* Task description
Each line from the first down to the one containing "COSIEST Set of" should be returned exactly as it appears below.

BEGIN Data

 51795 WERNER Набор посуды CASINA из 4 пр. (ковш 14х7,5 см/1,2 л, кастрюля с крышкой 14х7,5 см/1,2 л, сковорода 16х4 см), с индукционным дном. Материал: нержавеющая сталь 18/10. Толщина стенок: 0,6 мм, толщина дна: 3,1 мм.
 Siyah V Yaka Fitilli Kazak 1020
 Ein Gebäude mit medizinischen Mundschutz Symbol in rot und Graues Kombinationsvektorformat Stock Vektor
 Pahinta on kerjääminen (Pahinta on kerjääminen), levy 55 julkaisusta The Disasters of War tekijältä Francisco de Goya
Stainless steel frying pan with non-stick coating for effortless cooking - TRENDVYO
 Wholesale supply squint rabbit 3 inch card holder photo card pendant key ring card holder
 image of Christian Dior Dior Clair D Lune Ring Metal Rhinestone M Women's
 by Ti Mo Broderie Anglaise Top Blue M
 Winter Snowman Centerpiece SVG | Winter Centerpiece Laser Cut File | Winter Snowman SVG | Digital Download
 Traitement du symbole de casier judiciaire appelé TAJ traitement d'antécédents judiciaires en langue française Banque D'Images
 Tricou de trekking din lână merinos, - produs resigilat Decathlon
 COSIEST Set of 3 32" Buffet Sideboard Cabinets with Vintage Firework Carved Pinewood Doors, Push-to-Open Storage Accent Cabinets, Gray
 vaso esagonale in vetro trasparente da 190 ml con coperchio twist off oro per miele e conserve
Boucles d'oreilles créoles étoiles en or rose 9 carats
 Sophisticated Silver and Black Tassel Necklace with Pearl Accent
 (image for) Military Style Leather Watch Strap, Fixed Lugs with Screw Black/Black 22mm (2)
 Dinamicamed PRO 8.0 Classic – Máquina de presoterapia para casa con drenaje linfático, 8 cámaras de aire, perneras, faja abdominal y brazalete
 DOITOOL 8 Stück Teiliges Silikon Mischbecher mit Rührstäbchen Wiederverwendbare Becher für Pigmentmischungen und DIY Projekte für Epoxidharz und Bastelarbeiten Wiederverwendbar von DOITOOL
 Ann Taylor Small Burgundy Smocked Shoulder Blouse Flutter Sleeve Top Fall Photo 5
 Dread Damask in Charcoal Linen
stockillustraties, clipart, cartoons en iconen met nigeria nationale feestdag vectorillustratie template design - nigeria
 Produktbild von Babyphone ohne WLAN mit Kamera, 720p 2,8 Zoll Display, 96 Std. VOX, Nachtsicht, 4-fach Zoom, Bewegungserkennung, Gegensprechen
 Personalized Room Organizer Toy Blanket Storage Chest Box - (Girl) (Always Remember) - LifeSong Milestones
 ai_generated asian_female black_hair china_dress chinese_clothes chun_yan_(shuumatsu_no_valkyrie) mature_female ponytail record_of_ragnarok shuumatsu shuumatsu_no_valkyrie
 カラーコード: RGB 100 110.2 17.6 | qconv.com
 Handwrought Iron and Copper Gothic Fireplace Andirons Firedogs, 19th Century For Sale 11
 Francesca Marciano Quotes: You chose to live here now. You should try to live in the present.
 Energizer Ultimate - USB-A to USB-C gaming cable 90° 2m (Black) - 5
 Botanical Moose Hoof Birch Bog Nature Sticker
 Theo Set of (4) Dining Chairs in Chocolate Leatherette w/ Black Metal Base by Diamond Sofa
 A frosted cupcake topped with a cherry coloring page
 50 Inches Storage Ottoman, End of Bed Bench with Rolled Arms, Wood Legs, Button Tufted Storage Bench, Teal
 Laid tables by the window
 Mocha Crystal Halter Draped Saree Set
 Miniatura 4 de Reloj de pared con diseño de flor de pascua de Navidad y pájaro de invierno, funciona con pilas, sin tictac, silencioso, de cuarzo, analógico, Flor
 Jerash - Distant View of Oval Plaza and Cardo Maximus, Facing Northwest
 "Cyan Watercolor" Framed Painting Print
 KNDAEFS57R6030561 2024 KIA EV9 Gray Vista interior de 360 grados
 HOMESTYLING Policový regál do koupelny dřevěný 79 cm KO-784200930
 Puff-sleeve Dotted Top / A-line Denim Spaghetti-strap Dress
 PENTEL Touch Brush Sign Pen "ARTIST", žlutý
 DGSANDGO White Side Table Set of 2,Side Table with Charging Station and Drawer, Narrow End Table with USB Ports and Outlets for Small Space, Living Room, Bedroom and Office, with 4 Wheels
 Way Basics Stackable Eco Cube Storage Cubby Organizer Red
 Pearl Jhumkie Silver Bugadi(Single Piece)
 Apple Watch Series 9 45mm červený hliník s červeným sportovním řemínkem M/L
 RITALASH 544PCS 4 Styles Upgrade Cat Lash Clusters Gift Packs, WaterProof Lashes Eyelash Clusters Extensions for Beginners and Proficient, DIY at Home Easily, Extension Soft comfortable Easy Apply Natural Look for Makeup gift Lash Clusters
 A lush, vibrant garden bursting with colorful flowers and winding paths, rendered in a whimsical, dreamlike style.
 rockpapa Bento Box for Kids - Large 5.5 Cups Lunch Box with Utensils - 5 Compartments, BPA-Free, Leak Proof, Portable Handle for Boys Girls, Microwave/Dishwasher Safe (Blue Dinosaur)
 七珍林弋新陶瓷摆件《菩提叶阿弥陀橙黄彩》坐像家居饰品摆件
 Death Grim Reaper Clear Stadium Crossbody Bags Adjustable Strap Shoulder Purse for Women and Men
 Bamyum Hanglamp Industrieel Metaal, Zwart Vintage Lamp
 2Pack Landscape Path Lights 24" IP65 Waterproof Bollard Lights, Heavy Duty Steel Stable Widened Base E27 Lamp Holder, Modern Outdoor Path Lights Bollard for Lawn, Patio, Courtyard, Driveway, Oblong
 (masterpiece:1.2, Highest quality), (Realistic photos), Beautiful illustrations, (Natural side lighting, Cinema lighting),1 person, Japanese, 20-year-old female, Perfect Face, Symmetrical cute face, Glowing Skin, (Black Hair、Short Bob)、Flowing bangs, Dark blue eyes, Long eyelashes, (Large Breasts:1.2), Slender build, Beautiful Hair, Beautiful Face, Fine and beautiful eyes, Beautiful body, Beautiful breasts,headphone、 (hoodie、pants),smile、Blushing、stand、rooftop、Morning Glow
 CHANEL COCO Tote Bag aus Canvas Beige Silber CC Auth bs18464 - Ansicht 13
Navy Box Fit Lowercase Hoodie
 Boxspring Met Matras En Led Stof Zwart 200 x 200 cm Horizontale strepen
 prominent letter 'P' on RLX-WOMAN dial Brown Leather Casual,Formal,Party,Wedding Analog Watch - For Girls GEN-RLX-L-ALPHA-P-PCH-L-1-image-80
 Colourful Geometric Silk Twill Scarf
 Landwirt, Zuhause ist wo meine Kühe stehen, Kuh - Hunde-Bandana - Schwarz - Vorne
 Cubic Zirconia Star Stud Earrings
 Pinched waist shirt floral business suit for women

END Data

* Solution to the exercise
 51795 WERNER Набор посуды CASINA из 4 пр. (ковш 14х7,5 см/1,2 л, кастрюля с крышкой 14х7,5 см/1,2 л, сковорода 16х4 см), с индукционным дном. Материал: нержавеющая сталь 18/10. Толщина стенок: 0,6 мм, толщина дна: 3,1 мм.
 Siyah V Yaka Fitilli Kazak 1020
 Ein Gebäude mit medizinischen Mundschutz Symbol in rot und Graues Kombinationsvektorformat Stock Vektor
 Pahinta on kerjääminen (Pahinta on kerjääminen), levy 55 julkaisusta The Disasters of War tekijältä Francisco de Goya
Stainless steel frying pan with non-stick coating for effortless cooking - TRENDVYO
 Wholesale supply squint rabbit 3 inch card holder photo card pendant key ring card holder
 image of Christian Dior Dior Clair D Lune Ring Metal Rhinestone M Women's
 by Ti Mo Broderie Anglaise Top Blue M
 Winter Snowman Centerpiece SVG | Winter Centerpiece Laser Cut File | Winter Snowman SVG | Digital Download
 Traitement du symbole de casier judiciaire appelé TAJ traitement d'antécédents judiciaires en langue française Banque D'Images
 Tricou de trekking din lână merinos, - produs resigilat Decathlon
 COSIEST Set of 3 32" Buffet Sideboard Cabinets with Vintage Firework Carved Pinewood Doors, Push-to-Open Storage Accent Cabinets, Gray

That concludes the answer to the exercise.